陸延也一樣,他看自己的眼神每每都像是要把她就地吃了。
青春期里的旺盛精力在這件事上得到了釋放。除掉什么都沒發生的那一天,再除掉考試的那兩天,剩下的四天,每天晚上陸延都壓著燕茯苓做愛。
他一遍遍把女孩子從床頭拉下來,就著汗水和她的淫水,捏著她的腰把肉棒頂進去,緊窄的肉洞裹緊雞巴,陸延喘息的聲音聽在燕茯苓耳中如同春藥一樣。
“好喜歡……嗚嗚好喜歡…喜歡聽你喘……”燕茯苓很多次抱著陸延的脖子說這句話。
陸延冷著臉說她騷,然后在燕茯苓朦朦朧朧的眼神里把她干得哭叫不止。
家里只有他們兩個人,陸延逐漸明白怎么在書房干她,怎么在浴室邊給她洗澡邊操。最沖動的是最后晚上,他把燕茯苓壓在父親的書桌上,從后面進入了她的后穴。

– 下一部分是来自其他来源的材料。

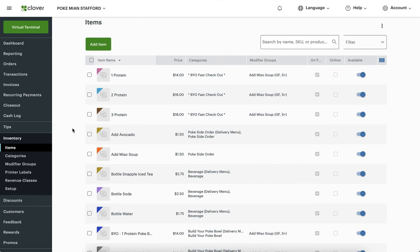So what did we accomplish today? I wanted to show you the difficulties you may encounter and how to solve them. If deleting the item ID numbers doesn't work for you, reach out to Clover support and they can help you with that.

少女趴在桌子上,羞得滿臉通紅,她的反應有些過于激烈了,陸延進去只插了幾下,就看到她緊緊攥著桌沿高潮。伴隨的潮吹像小溪涌出泉眼,浸沒兩人連接的地方,流到陸鶴良書桌的桌面上。
真的很騷,這能讓男人完全沉淪的一面并不完全對他展現。
而是對他的父親。
嫉妒再次從心底蔓延上來,陸延頭一次掐住她的脖子,低頭邊和她接吻邊問:“你剛才被我從后面干的時候,在想著誰?”
每次潮吹,都覺得前面空虛,想要粗硬滾燙的東西堵進來。
燕茯苓在滅頂的快感里忘記面前的人是誰,淚眼朦朧里他們的臉真的很像,觸手可及是陸鶴良辦公的桌子。于是她小心地揪著他衣服的領口嗚咽:“叔叔……叔叔嗚嗚嗚你進來……”
嘴巴被兇狠堵住,燕茯苓再發不出聲音,但身體的空虛讓她努力抱緊陸延,伴著生理性淚水,帶著哭腔讓他插到前面的洞里。
陸延下面快速且用力地操她,把甬道操得濕漉軟爛。
這話不是對他說的,所以他只能聽著。如果是對他……如果是對他說的,陸延一定會如她所愿,干得她心甘情愿掰著屁股要他操。
但現在是趁人之危。
心里不痛快,他發了狠地折騰身前的少女。
小小的肉洞吃下這樣尺寸的肉棒本來就是勉強,現在又被他發狠干著,敏感的地方一遍遍被肉棍抻展,連綿的癢隨即帶來連綿的快感。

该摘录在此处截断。